O fogo e a fumaça são politizados, de modo que alguns acusam e outros defendem o governo e a população em suas classes. (Veja matéria aqui). O que me parece estranho é que ninguém consegue saber quem está certo ou errado. A coisa acontece e todo mundo é culpado e ninguém é responsável - e a vida segue, vira tudo fumaça.

Em meio a fumaça há uma disputa ideológica pelo poder. Mas, em meio a fumaça também estão muitas crianças, famílias inteiras e diversas pessoas que labutam todos os dias para colocar o alimento na mesa e preservar sua saúde em condições de vida limitada - são os esfumaçados por fumaças diferentes, com ambições diferentes e que sofrem de forma diferente.

Tendo por expectativa uma vida longa (não sei se tão longa assim com toda esta fumaça) estou chegando aos meus 50 anos de idade e durante toda minha jornada este problema sempre esteve presente e insolúvel. Será que não há algum outro caminho para uma humanidade mais inteligente e menos incendiária? Será que o problema realmente é sobre o culpado do fogo e da fumaça? Será que o ar que respiramos deixou de ser um bem comum?

Estes discursos politizados não resolvem a realidade das doenças respiratórias entre outros prejuízos incalculáveis na vida de milhares de pessoas.

Somos novamente assombrados pelo medo, medo da fumaça, mas mais do "humano".

Eu imagino que muitas pessoas como eu carregam este sentimento de frustração com o sistema político vigente - não estou falando de nenhum governo em particular - mas, da cultura política que se baseia em luta por poder para benefício particular, quando deveria ser pública.

A fumaça já foi problema entre vizinhos quando um ateava fogo no seu quintal enquanto o outro tinha roupas no varal.

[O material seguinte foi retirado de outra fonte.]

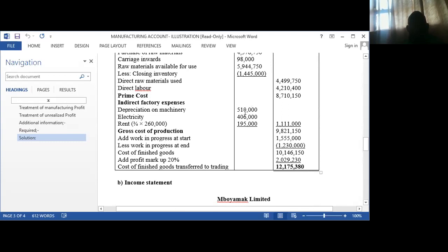We have the depreciation of the machinery — because the machinery is used in the factory, we calculate its depreciation at 10,000. Electricity used in the factory is a certain figure. Then the rent for the factory, which we are told to apportion: the ratio is three-quarters for the factory, so it is three over four of the total rent. You add these together to get the total indirect factory expenses.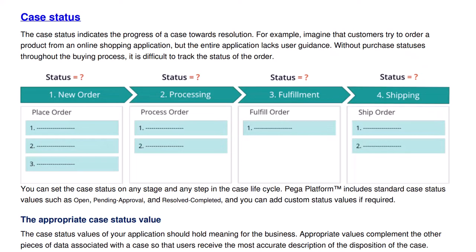Case status indicates the progress of a case towards resolution. Every stage should have a different case status. In other words, you need to identify the stages whenever the case status is going to change.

Mas hoje, a fumaça é maior, uma realidade ainda mais complexa e com implicações catastróficas.

Esta experiência deveria ser um sinal para toda nossa vida, de modo que, ao sinal de fumaça, combatamos não apenas o fogo, mas a índole dos incendiários inconsequentes - este traço que pode aparecer dentro de cada um de nós e que está amplamente estampado na vida de alguns.

Há muitas fumaças na Sociedade da Fumaça e cada uma delas permite reflexões importantes sobre nossa vida e história. Há fumaça que pode ser aroma e há fumaça tóxica que pode matar.